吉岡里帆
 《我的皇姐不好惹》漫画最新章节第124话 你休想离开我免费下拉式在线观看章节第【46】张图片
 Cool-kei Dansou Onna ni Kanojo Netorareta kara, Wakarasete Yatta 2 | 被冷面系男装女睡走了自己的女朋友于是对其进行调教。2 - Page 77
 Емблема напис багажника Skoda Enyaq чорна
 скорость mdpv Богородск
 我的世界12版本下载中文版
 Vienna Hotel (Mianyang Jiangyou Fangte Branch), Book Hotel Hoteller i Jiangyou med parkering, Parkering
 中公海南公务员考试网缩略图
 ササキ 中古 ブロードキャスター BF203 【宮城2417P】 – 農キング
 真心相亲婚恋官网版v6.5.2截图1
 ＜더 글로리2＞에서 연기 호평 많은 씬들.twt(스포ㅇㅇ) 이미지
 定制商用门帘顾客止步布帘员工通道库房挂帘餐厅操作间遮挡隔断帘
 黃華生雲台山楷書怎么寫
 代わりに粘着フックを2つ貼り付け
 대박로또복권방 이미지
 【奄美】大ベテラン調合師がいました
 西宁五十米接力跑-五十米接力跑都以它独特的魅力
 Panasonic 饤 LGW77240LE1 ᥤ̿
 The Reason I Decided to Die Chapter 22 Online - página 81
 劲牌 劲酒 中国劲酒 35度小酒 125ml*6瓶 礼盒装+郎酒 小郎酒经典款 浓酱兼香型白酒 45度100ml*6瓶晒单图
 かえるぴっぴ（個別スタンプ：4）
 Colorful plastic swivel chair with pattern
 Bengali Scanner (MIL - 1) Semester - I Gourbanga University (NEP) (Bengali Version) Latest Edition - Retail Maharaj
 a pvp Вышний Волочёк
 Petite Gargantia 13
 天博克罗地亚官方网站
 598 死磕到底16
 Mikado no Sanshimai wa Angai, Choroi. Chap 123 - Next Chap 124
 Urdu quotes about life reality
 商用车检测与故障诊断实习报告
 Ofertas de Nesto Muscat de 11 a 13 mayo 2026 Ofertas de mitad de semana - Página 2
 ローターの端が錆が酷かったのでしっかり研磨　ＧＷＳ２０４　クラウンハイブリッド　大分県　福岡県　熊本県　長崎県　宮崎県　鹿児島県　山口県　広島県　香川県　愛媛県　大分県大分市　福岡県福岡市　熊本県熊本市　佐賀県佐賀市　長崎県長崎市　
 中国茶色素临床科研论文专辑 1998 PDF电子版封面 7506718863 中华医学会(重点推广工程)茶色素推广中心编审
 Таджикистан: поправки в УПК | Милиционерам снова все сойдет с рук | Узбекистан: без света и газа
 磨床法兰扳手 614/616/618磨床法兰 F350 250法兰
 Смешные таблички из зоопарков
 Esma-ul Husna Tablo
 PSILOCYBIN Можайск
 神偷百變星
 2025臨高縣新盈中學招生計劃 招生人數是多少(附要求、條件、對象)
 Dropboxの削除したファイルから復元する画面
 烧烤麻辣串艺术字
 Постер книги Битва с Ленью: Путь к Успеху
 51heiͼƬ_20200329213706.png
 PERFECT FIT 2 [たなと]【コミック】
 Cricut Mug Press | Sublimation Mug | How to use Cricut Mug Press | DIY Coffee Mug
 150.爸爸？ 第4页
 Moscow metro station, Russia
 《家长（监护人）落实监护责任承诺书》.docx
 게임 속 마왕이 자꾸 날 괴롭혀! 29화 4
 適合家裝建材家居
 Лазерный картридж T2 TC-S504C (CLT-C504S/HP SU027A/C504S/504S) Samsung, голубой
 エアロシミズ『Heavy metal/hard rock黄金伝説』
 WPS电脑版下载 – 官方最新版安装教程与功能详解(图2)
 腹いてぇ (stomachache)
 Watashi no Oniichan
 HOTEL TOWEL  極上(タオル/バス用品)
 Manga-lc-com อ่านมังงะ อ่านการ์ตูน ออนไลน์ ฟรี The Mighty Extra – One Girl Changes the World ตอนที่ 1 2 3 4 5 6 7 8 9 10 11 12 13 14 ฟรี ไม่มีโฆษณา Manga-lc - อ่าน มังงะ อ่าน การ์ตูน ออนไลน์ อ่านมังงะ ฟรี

Brief
Taking the entries above, restate exactly those lines that fall between the line with "黃華生雲台山楷書怎么寫" and the line with "PERFECT FIT 2 [たなと]【コミック】", keeping both of those lines too.

Task result
 黃華生雲台山楷書怎么寫
 代わりに粘着フックを2つ貼り付け
 대박로또복권방 이미지
 【奄美】大ベテラン調合師がいました
 西宁五十米接力跑-五十米接力跑都以它独特的魅力
 Panasonic 饤 LGW77240LE1 ᥤ̿
 The Reason I Decided to Die Chapter 22 Online - página 81
 劲牌 劲酒 中国劲酒 35度小酒 125ml*6瓶 礼盒装+郎酒 小郎酒经典款 浓酱兼香型白酒 45度100ml*6瓶晒单图
 かえるぴっぴ（個別スタンプ：4）
 Colorful plastic swivel chair with pattern
 Bengali Scanner (MIL - 1) Semester - I Gourbanga University (NEP) (Bengali Version) Latest Edition - Retail Maharaj
 a pvp Вышний Волочёк
 Petite Gargantia 13
 天博克罗地亚官方网站
 598 死磕到底16
 Mikado no Sanshimai wa Angai, Choroi. Chap 123 - Next Chap 124
 Urdu quotes about life reality
 商用车检测与故障诊断实习报告
 Ofertas de Nesto Muscat de 11 a 13 mayo 2026 Ofertas de mitad de semana - Página 2
 ローターの端が錆が酷かったのでしっかり研磨　ＧＷＳ２０４　クラウンハイブリッド　大分県　福岡県　熊本県　長崎県　宮崎県　鹿児島県　山口県　広島県　香川県　愛媛県　大分県大分市　福岡県福岡市　熊本県熊本市　佐賀県佐賀市　長崎県長崎市　
 中国茶色素临床科研论文专辑 1998 PDF电子版封面 7506718863 中华医学会(重点推广工程)茶色素推广中心编审
 Таджикистан: поправки в УПК | Милиционерам снова все сойдет с рук | Узбекистан: без света и газа
 磨床法兰扳手 614/616/618磨床法兰 F350 250法兰
 Смешные таблички из зоопарков
 Esma-ul Husna Tablo
 PSILOCYBIN Можайск
 神偷百變星
 2025臨高縣新盈中學招生計劃 招生人數是多少(附要求、條件、對象)
 Dropboxの削除したファイルから復元する画面
 烧烤麻辣串艺术字
 Постер книги Битва с Ленью: Путь к Успеху
 51heiͼƬ_20200329213706.png
 PERFECT FIT 2 [たなと]【コミック】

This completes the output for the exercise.